Another grand gesture; but even by 1969 with 1000 cars built, the cash supply remained inadequate. It showed on the track: that was a miserable F1 year. It was time to allow someone the honour of proffering assistance – Italy’s most significant industrial combine, Fiat. Building enough of the small V6 Dino engine to go F2 racing had been contracted to Fiat in 1965, establishing a bridgehead; next Enzo launched the Dino Ferrari in 1966. It was supremely successful, offering an ‘affordable’ Ferrari (minus the badge) without diluting the allure of the big V12s. Now head of Fiat, Gianni Agnelli, younger and maybe shrewder than Enzo, had been an early Ferrari client, which eased negotiations as the Old Man signed away the road car division and his post as MD while retaining full control of the racing department. Just what he wanted.
Aided by a new test track at Fiorano where Enzo immured himself in his darkened office, cultivating mystery, the F1 results returned – for a while. Yet age was affecting the man at the centre; he was no longer on top of everything as once he had been, and in 1971 he stepped down as president of the firm. His lieutenants, with their own agendas, were afraid to give him bad news, and the team struggled through yet another of the marque’s regular droughts. It would not be Enzo but talented engineer Mauro Forghieri and future president Luca di Montezemolo – plus Niki Lauda – who reinvigorated the team and in 1975 brought the F1 title back to Maranello. But Enzo, now in his seventies, no longer ‘was Ferrari’. With Fiat at the helm (paying to use Ferrari’s production facilities), the road cars were better vehicles but did not contain Enzo’s spirit. Until 1987, 40th anniversary of Ferrari, when the Ingeniere himself inspired the raw, aggressive 200mph F40. Once again a road Ferrari felt like a race Ferrari. It was his last grand gesture. Enzo Ferrari died in 1988.
He had held his firm together with his passion and intensity, driving people hard but inspiring the sort of loyalty that saw his employees prepared to stay late or work all night on a racing car. Working for Ferrari was a privilege, and ‘Il Commendatore’ frequently helped quietly with hospital or education needs. But while he looked after his workers, he did not profess attachment to most of his drivers. There were favourites, but not friends. A weekend fatality was simply not discussed on Monday morning.

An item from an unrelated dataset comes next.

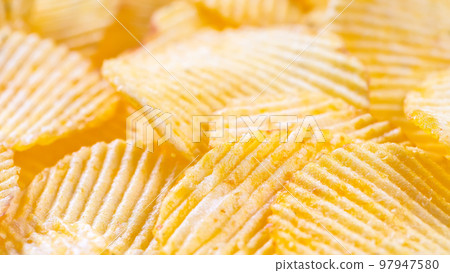 Yellow crispy ridged potato chips close up. Food background Yellow crispy ridged potato chips close up. Food background 97947580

Perhaps the death of his beloved son Dino in 1956 hardened his shell? Yes, Ferrari made misjudgements: fending off technical advances, upsetting Stirling Moss and Surtees, allowing his wife to interfere and cause tensions that led to that ‘palace walkout’, transferring skilled engineer Forghieri away from the racing unit. Without the Lancia handover of 1955 the marque, at that point flagging in Grands Prix, might have joined vanished exotics such as Bugatti or Pegaso. But then Ferrari had the knack of harvesting luck from all quarters, and if perhaps he substituted determination for foresight, it carried him to greatness.